Okullar bitiyor ve bir eğitim yılının daha sonuna geliyoruz… Havalar da bir hayli sıcak… Kimileri deniz kenarında bir tatile giderken, kimileri son sınavlarını vermek için sıcakla savaşarak ders çalışmaya çabalıyor… Yetişkinler malum… “Şu çocukların okulları bitse de bir denize gitsek, güneşlensek…” Haydi, kaçamaklar başlıyor…

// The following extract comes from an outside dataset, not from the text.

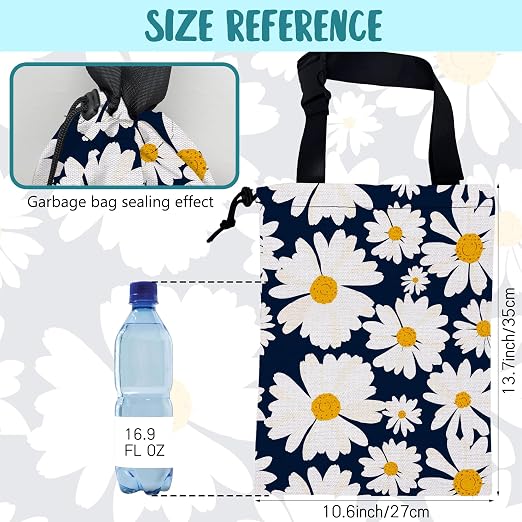 Car Trash Bag Chamomile Flower Hanging Drawstring Car Organizer and Storage Bag with Adjustable Buckle Canvas Garbage Bin for Back Seat or Hanging Headrest Car Decor Road Trip Essentials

Benim içinse bu sıcakların farklı bir anlamı var, ne zaman yazın geldiğini hissetsem, ada geliveriyor hemen aklıma. İstanbul’un incileri Adalar’a gitmek, hayatın tadını çıkarmak, biraz olsun kalabalık şehir hayatından uzaklaşmak istiyorum. Bir gün yürüyorum, Kabataş sahillerinde ve birden o ses geliyor: “Düüt, düüüt” Bendeki yankısı ise: “Ada yolcusu kalmasın!” Ne olacak diye soruyorum kendime, bir öğleden sonra adaları dolaşsam? Koşuyorum, hemen bir jeton alıp vapurun yanaşmasını bekliyorum. Bir kalabalıktır bekliyor yakıcı sıcakta… Vapur’un da adı Barış Manço… Hani o “Ay Geceleri” turunu yapan ünlü vapur. Hangi şarkının kulağımda yankılandığını tahmin edersiniz, “Deniz ve mehtap sordular seni, neredesin?” İlk durak Kınalıada… Şöyle bir dolaşıyorum iskelede ve bir dondurmacıya rastlıyorum… Bu sıcakta da bir dondurma hiç fena gitmezdi deyip, “iki top külahta” siparişimi veriyorum. Kınalıada’nın güzel havasını içime çeker çekmez, bir sonraki vapurun sesini duyana kadar banklarda denizi izliyorum…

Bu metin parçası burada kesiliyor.